# Has anyone made good bar fight encounters?



## Noumenon (Sep 8, 2010)

The bar fight encounter is a classic of D&D, it's great for blowing off steam and I have a PC who's a waitress by trade so I really want to run one.  But there are some issues...

 I can't steal a bar fight encounter from a module or dungeon delve, because they usually don't have any
 It's nonlethal: that means nonstandard combat and no fireballs, which is tough on the PCs.
 It's spontaneous, so I can't plan CR-appropriate encounter groups and say "the villain recruited them that way."
 It's in town, so I can't use many monsters.
 It's versus regular humans, so at level 4 your normal opposition is outmatched.  (I'm running 3.5; in 4E I could always do like this guy and just make humans with interesting bar-fight related abilities.)
 It's not very dramatic, since the only available motivation is "someone's spoiling for a fight" or gambling losses.  Bar fights don't advance the plot.

How do you make interesting, challenging, level-appropriate, story-advancing bar fights? And can you point me to a PDF or Dungeon magazine I can steal from?


----------



## Theo R Cwithin (Sep 8, 2010)

- Fights can start for lots of reasons: drunk patron, jealous boyfriend, someone is shortchanged, gang activity, a thief is caught red-handed, assassination/drive-by attempt, duel, law enforcement chasing someone, gamblers' disagreement, accident, practical joke, very poorly thrown dart, etc.

- Terrain can be interesting.  Overturned furniture provides difficult terrain, cover, etc.  Spilled drinks make the floor slippery in spots.  Some drinks are flammable, starting a fire.  Also, there might be surprises: a weak spot in the floor might collapse, the door might blow in during a storm, etc.

- Lighting makes a difference  A dim bar-- or certain parts of it-- is easily plunged into darkness if even one or two lamps are snuffed out.  If there's a storm out, intermittent lightning strikes can randomly well illuminate the place, even if it's dark otherwise.

- Cramped quarters, corners, windows, chimneys, chandeliers, stairs, etc, all make interesting features that limit movement and action, or forced some alternative/creative movement modes.

- Combat doesn't have to be non-lethal, especially when folks start swinging improvised weapons like table legs or broken beer bottles.  And as long as PCs aren't _many_ levels ahead of the rest of the patrons, they can still be threatened if outnumbered-- sepecially if the PCs are trying to fight non-lethally while their foes are using lethal means.

- Certain monsters could find themselves in a bar, depending upon setting or specifics of the bar.  Some patrons or staff might be shapechanges.  The bar likely keeps guard animals or employs bouncers (humanoids, constructs, undead).  Law enforcement in some settings might be monstrous, outsiders, constructs, etc.  A bar with a large aquarium could find itself with a floor full of electric eels or lobsters.
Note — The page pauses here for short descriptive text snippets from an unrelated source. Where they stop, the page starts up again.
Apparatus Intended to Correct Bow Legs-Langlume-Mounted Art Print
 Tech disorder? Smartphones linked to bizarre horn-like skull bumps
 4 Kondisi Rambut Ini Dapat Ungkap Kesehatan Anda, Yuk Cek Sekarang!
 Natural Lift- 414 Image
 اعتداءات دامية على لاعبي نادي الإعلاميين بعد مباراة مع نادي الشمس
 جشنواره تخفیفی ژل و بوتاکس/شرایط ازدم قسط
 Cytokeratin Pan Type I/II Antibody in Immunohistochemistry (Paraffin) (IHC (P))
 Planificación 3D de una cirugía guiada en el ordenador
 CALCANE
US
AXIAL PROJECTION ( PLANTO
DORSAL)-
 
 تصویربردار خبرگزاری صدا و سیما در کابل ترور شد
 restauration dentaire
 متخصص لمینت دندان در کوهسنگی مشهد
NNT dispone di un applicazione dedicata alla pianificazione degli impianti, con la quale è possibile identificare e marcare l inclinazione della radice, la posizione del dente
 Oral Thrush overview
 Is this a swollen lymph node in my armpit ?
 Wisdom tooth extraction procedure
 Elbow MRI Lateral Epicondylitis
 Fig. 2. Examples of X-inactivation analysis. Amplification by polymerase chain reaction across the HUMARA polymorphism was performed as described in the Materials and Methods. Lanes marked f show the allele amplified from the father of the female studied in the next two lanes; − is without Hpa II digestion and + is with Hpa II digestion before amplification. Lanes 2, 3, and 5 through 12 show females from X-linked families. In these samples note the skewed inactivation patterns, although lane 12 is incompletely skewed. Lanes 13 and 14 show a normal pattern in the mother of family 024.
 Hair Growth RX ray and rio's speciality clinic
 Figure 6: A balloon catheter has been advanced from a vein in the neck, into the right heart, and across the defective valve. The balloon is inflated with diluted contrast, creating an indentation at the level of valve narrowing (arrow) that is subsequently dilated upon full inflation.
Mounted trophy heads could be animated by a necromancer.  A furnace or stove could be powered by a fire elemental, or a cistern might contain a water elemental.  And woe be unto he who releases the toilet otyugh.

_*EDIT:*_ Ihe only (3e) PDF that springs to mind is "Mad Kaiser's The Bare Knuckle Bar Fightin' Guide".


----------



## Diamond Cross (Sep 8, 2010)

Yep, and it always starts with a drunken Klingon.

That DM was a big Star Trek fan, and whenever we went into a bar there'd be a Klingon in it. For some unknown reason.

Even when we're in a Inn/Pub in the Forgotten Realms.

Ah well.


----------



## Dausuul (Sep 8, 2010)

My usual way of handling a bar fight is to say, "Okay, you beat holy hell out of some dude. Now what?" I mean, unless the PCs are very low level or the bar is in the Forgotten Realms, there's no other logical outcome. The D&D game is really not well suited to playing out bar fights.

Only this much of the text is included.